Source information:
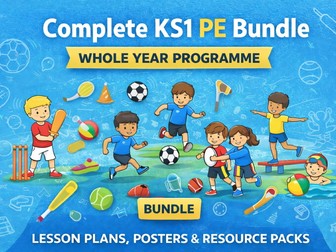 Complete KS1 PE Curriculum – Full Year Pack Print‑and‑Teach Non‑Specialist Friendly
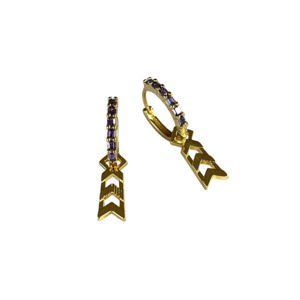 Energy Formation: Formation Baguette Sleepers  | Gold and Lavender Stone
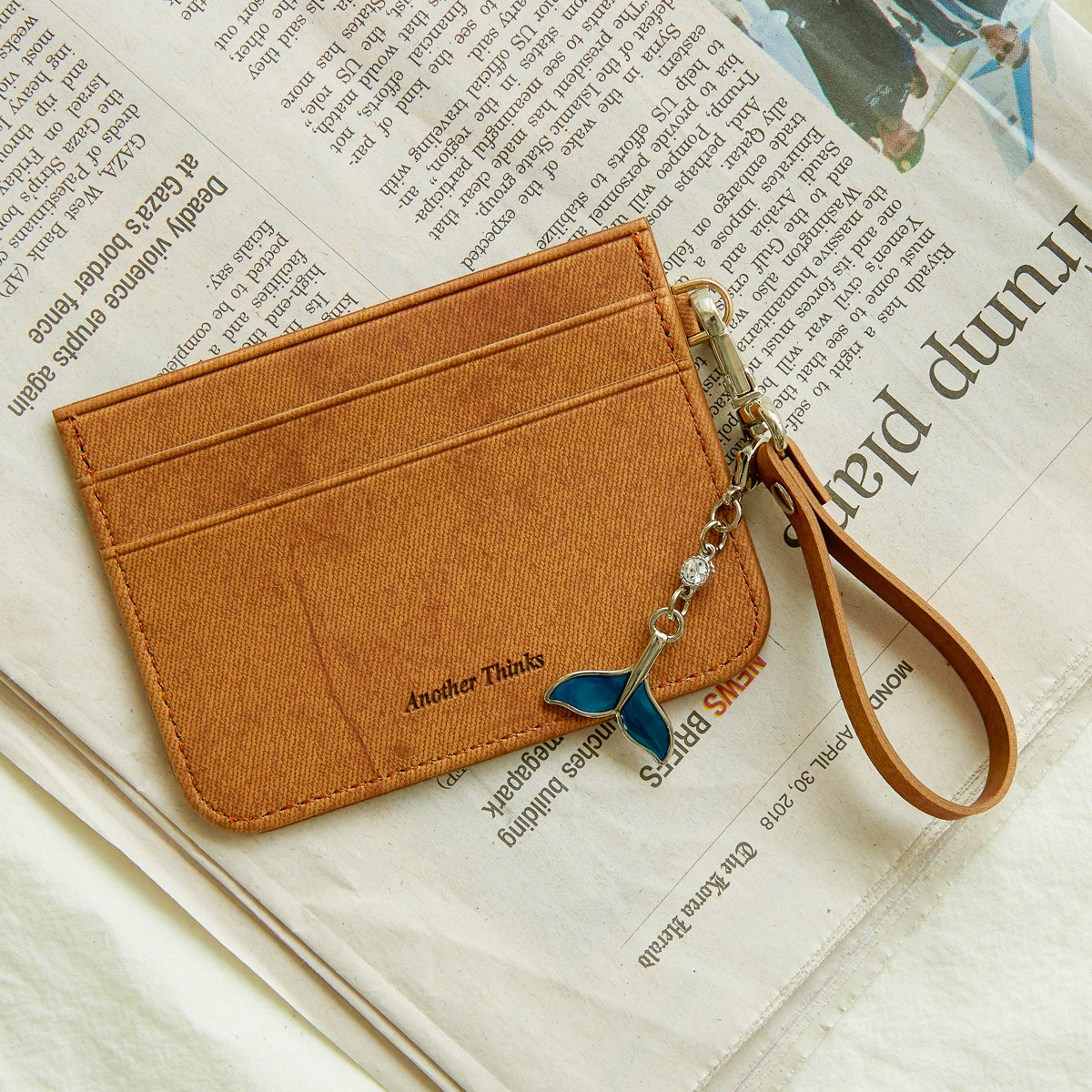 [각인가능] 퍼니메이드 플랫 스트랩 교통 카드지갑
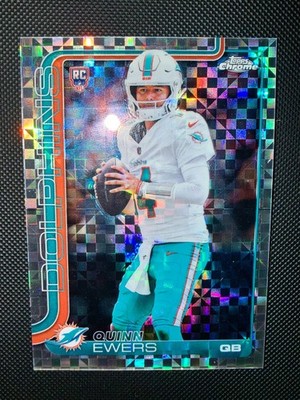 2025 Topps Chrome Football - Dolphins Quinn Ewers RC X-Fractor #316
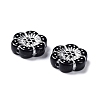 Black Opaque Acrylic Beads LS-OACR-G016-32B-3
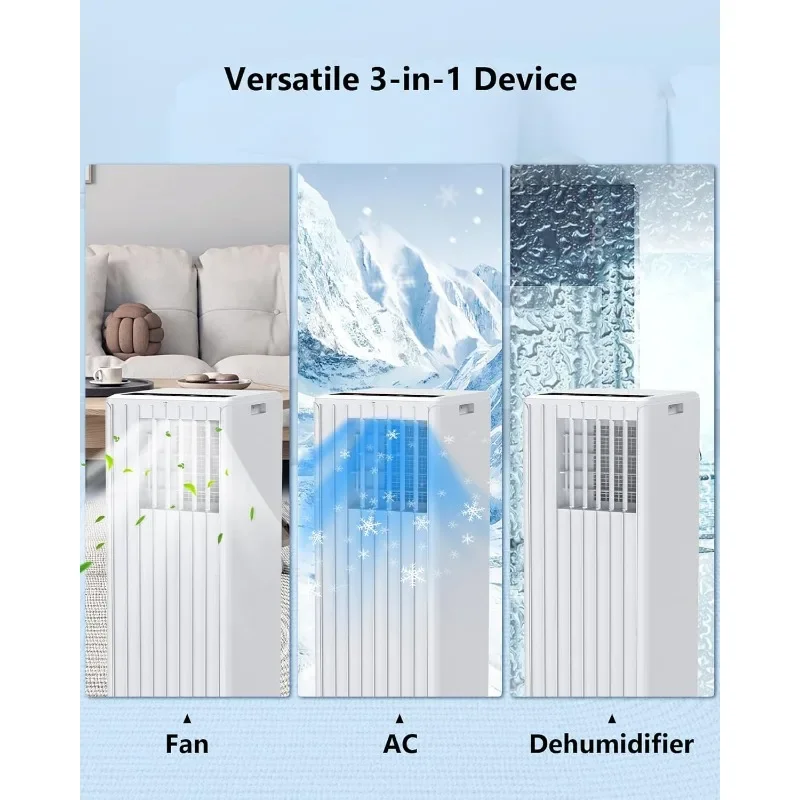 Condizionatore d'aria portatile Takywep, condizionatore d'aria di deumidificazione potabile condizionatore d'aria portatile apparecchi di raffreddamento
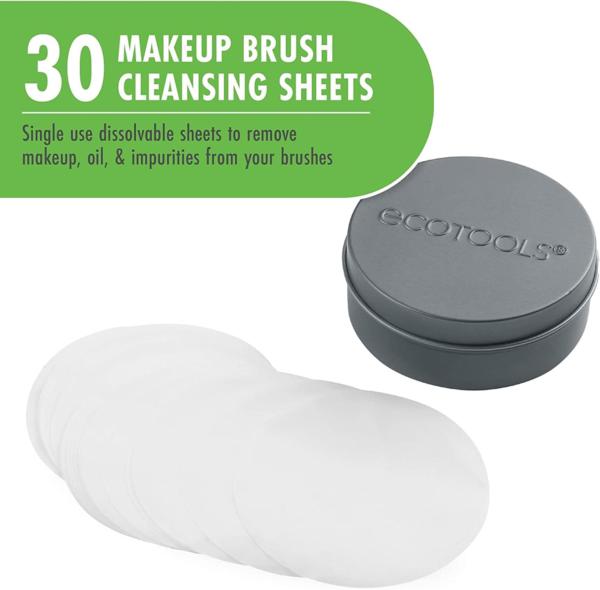 EcoTools Dissolving Brush Cleansing Sheets 30 Sheet Count 2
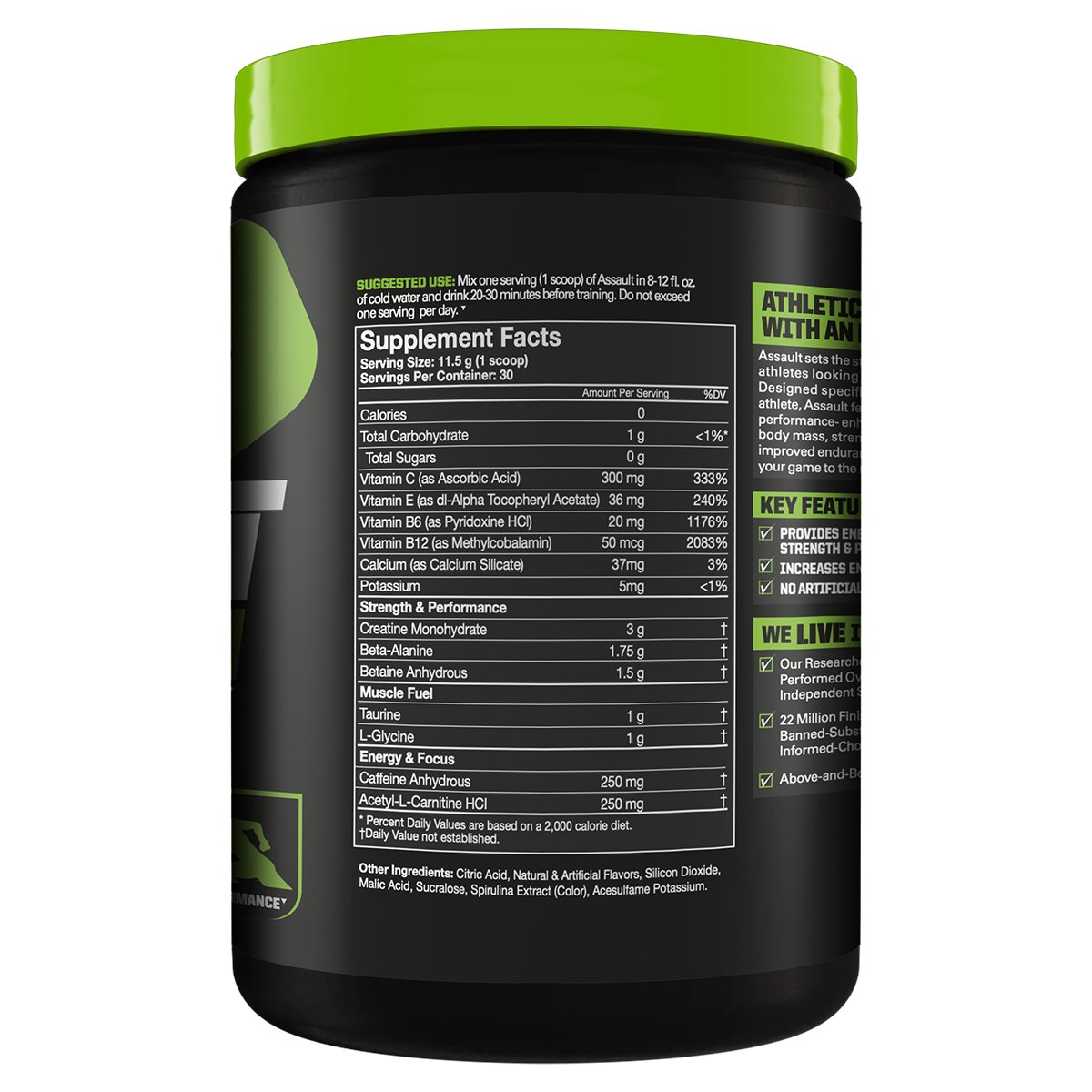 MusclePharm Assault Sport 30 ServeMusclePharmPre-Workout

Activity:
In the entries above, find the line containing "Energy Formation: Formation" and the line containing "Black Opaque Acrylic"; give again exactly those two lines and every line between them, minus the pictures.

Reply:
 Energy Formation: Formation Baguette Sleepers  | Gold and Lavender Stone
 [각인가능] 퍼니메이드 플랫 스트랩 교통 카드지갑
 2025 Topps Chrome Football - Dolphins Quinn Ewers RC X-Fractor #316
 Black Opaque Acrylic Beads LS-OACR-G016-32B-3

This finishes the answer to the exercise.